A day doesn’t go by as of late that I’m not sent a link to either the Star Wars Shakespeare thing (which I still need to post myself), or the recently posted Shakespeare Terminator 2 thing.  Of course we can go back even farther (further?) and include Two Gentlemen of Lebowski on this list as well.   I’ve taken to using the term that Bardfilm used, “novelty” Shakespeare.

Here’s my question:  what’s the point? Who is this for?

On the one hand you’ve got the audience that easily recognizes T2 and can spout all of Arnold’s best lines, but probably has no clue about much Shakespeare.  “Wow!” thinks said audience member, “Shakespeare is old and difficult but we all know how brilliant it is, so to retell an entire movie like T2 in nothing but Shakespeare lines must be an amazing accomplishment!”  So this person goes to the show, “sitting through the Shakespeare to recognize the T2 references” to steal a phrase from Orson Welles.  Is anybody learning anything about Shakespeare from this?
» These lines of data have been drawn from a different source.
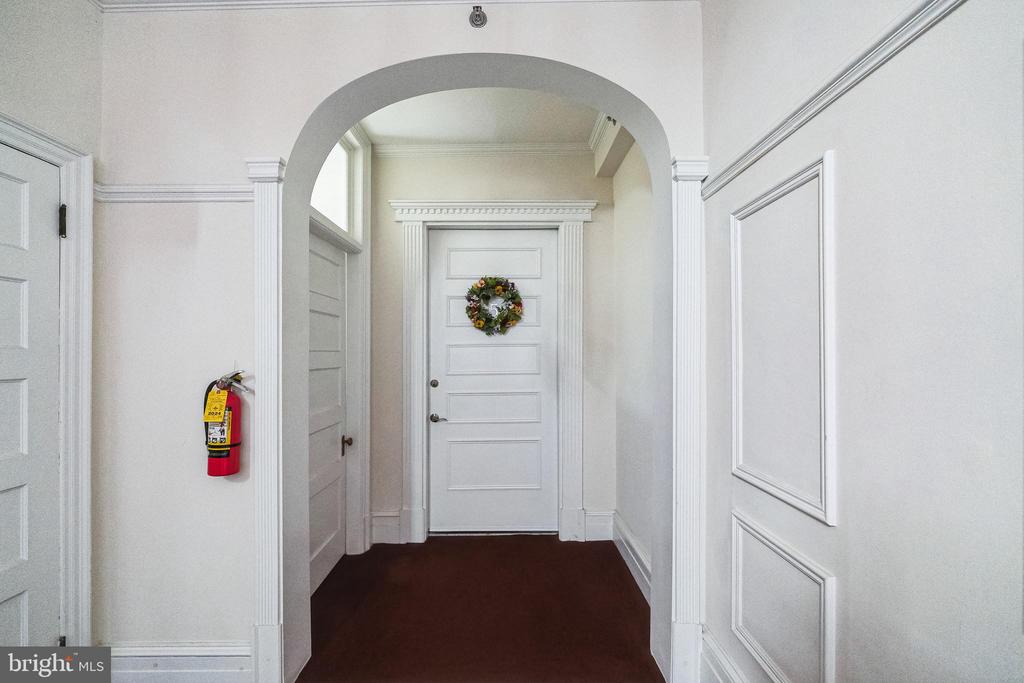 1112 SPRUCE STREET 5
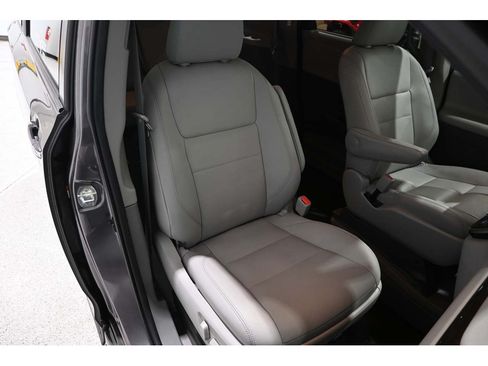 Used 2020 Toyota Sienna XLE FWD image 16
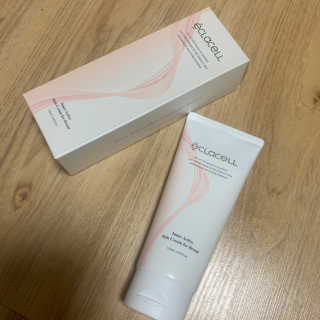 FGBEAUTY 이너 액티브 스킨 크림 넥 앤 포 브레스트 — 5점을 준 리뷰어가 2020년 8월 올린 사용 사진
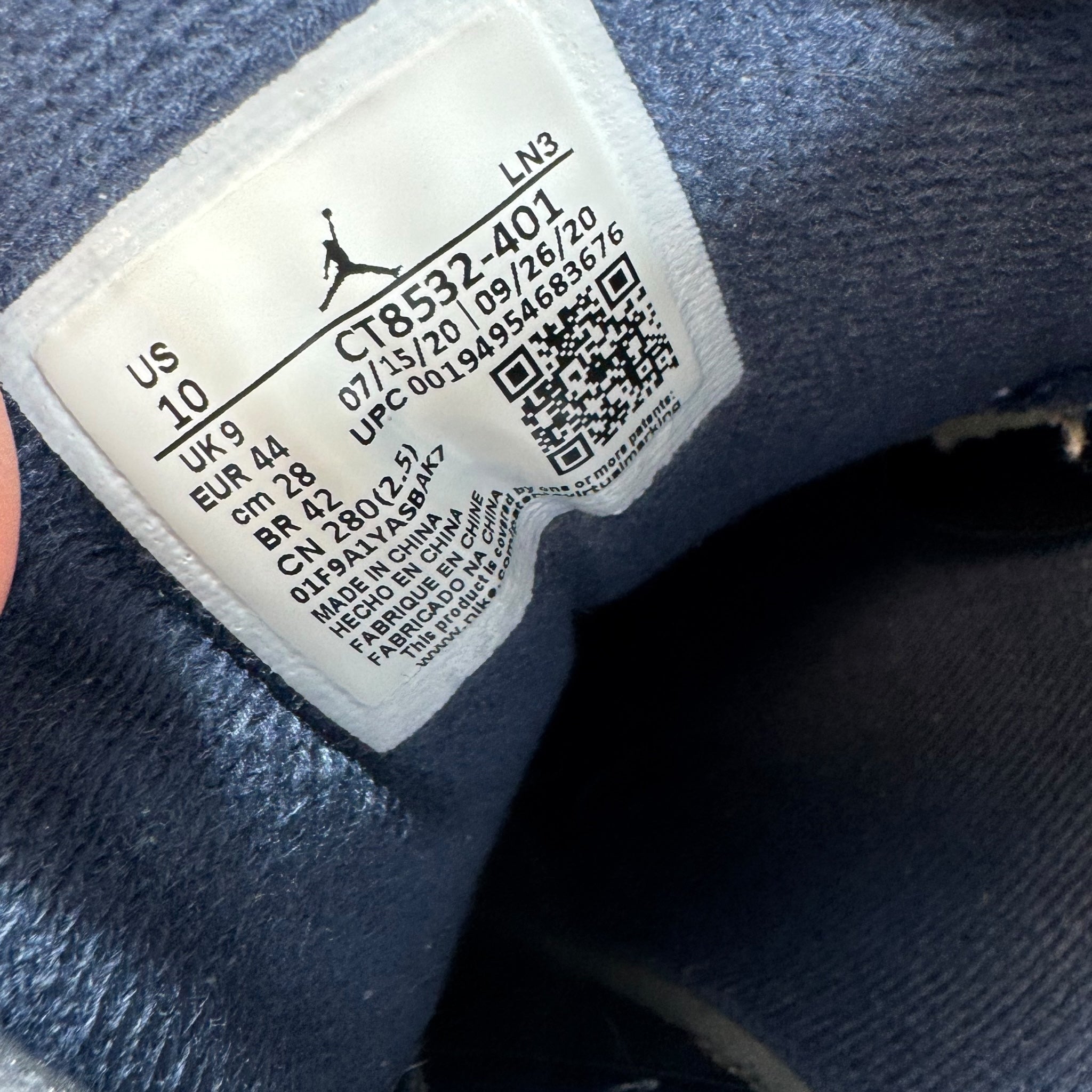 Jordan 3 Midnight Navy (44EU)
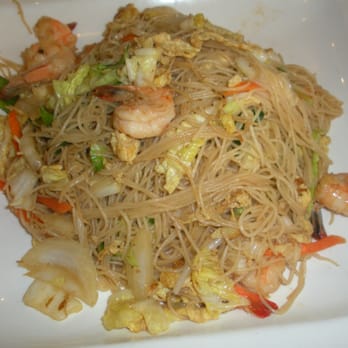 Riso Noodle House - Shrimp pancit noodles, so delicious and plenty of shrimp - Bubble Tea Near Me - Charleston, South Carolina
On the flip side are the Shakespeare geeks who are excited about the idea of Shakespeare’s words being used to tell a “new old” story, old in that we know the story, new in that we don’t yet know how Shakespeare would tell it.  Kind of like J.J. Abrams directing a Star Trek movie. And we go, and we listen to John Connor shout “Cry Havoc! And let slip the dogs of war!” and we laugh and we clap and we turn to the person next to us and whisper, “Julius Caesar.  Act 3, Scene 1.” because yay we recognized that one. Are we paying attention to the T2 story? Can our brains let us just cut and paste all the most recognizable quotes and reshuffle them at will like that?

Thus we come back to that word “novelty.”  Is that really all there is to this?  People spot it and say, “Oh hey, that’s new, I’ve never seen that before!”  Is that the entire audience?  Because eventually there’ll be so much of this that it’s not new anymore.  Then what?